Northern Burma sees upsurge in ethnic violence

By November 1, 2012

Burma (MNN) — Government officials say at least 56 people have been killed in the Rakhine state and hundreds of homes torched in recent days. A United Nations expert is calling Burma’s government to action.

“Buddhist and Muslim communities continue to suffer from the violence in Rakhine state,” said UN Special Rapporteur Tomas Ojea Quintana, “so it is imperative that the government pursues a policy of integration and long-term reconciliation between the two communities.”

Fighting between Rakhine Buddhists and Rohingya Muslims has been ongoing, says Andy Pasma with Partners Relief and Development. Government intervention probably wouldn’t work out favorably for the minority Rohingya.

“Historically, the Burmese government, the regime that is now in power, has used differences like this…to justify them stepping in with very drastic measures,” Pasma explains. “The result would be–and it’s been proven already–that they would be very hard on the Rohingya.”

But something needs to be done. According to Pasma, there are about 95,000 IDPs (Internally Displaced Persons) in refugee camps with no help on the horizon.

“The government will not provide any assistance; nobody can get in to help them, and so they’re starving to death,” he explained. “It’s very easy for humanitarian organizations to help the Rakhine because that’s the dominant ethnic group.

“It’s virtually impossible to get any assistance to the Rohingya.”

And they’ve definitely tried. Pasma said Partners had teams on the ground in the past, trying to see how they could help both people groups.

“It became very clear to us that we could help the Rakhine people, and that was fine,” said Pasma. “But any effort to help the Rohingya resulted in threats. It became a very dangerous place for our people to be if they tried to help the Rohingya.”

Despite the danger, Partners is still seeking ways to send aid to the Rohingya. Click here to support their efforts.
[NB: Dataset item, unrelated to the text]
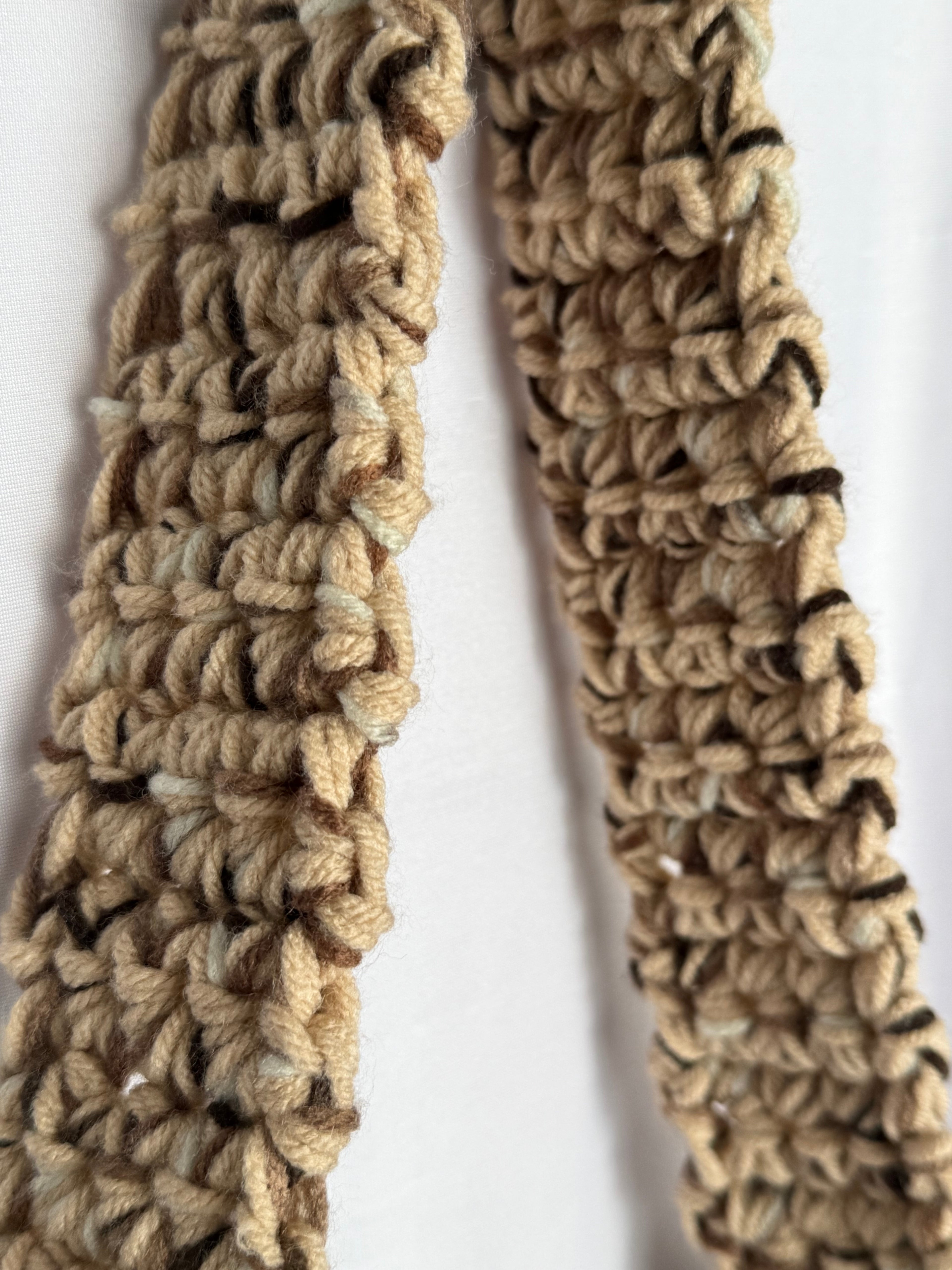 Granny Gone Groovy Triangle  Crocheted Bag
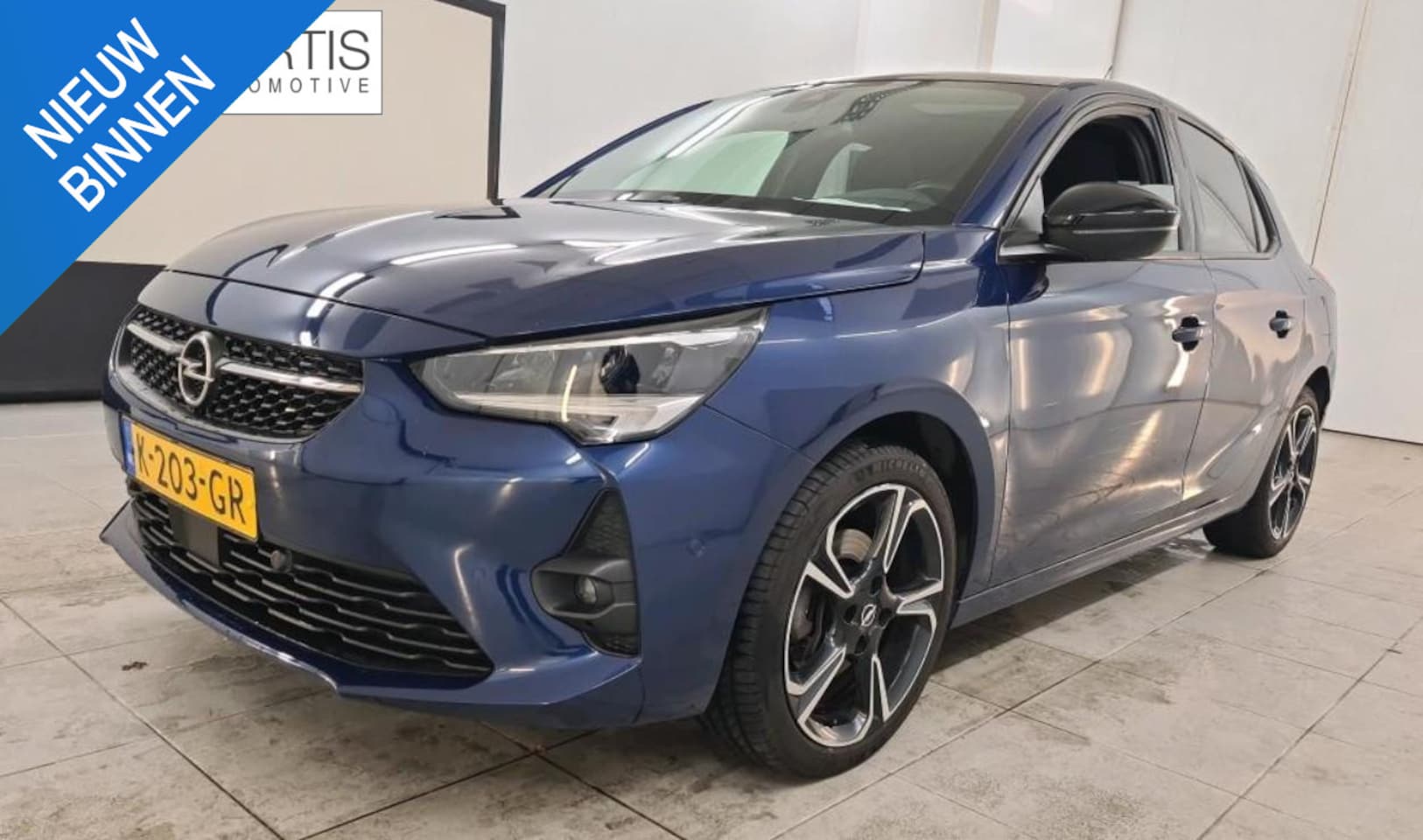 Opel Corsa - 1.2 GS Line NL-AUTO | TREKHAAK | CAMERA | PANODAK - AutoWereld.nl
Tensions between the two groups came to a head this summer. Three Rohingya men were arrested in May and later accused of raping and killing a Rakhine woman. Two of the men have reportedly been sentenced to death, and the third committed suicide while in detention. In June, hundreds of people attacked a bus, killing 10 Rohingya.

“There’s a real hatred between the Rakhine people and the Rohingya,” said Pasma. “And there’s hatred from the Burmese against the Rohingya.”

He explained that Burma’s new constitution stripped the Rohingya of all citizenship.

“They are a people without a country, a people without any civil rights at all, and no country will take them,” he states. “The Burmese government has said, ‘These people are free to go, if anyone will take them’.”

Pray that Burma’s government would revise its policies to treat ethnic minorities in a more humane way. Pray that doors would open up for relief organizations to get access to the people in need.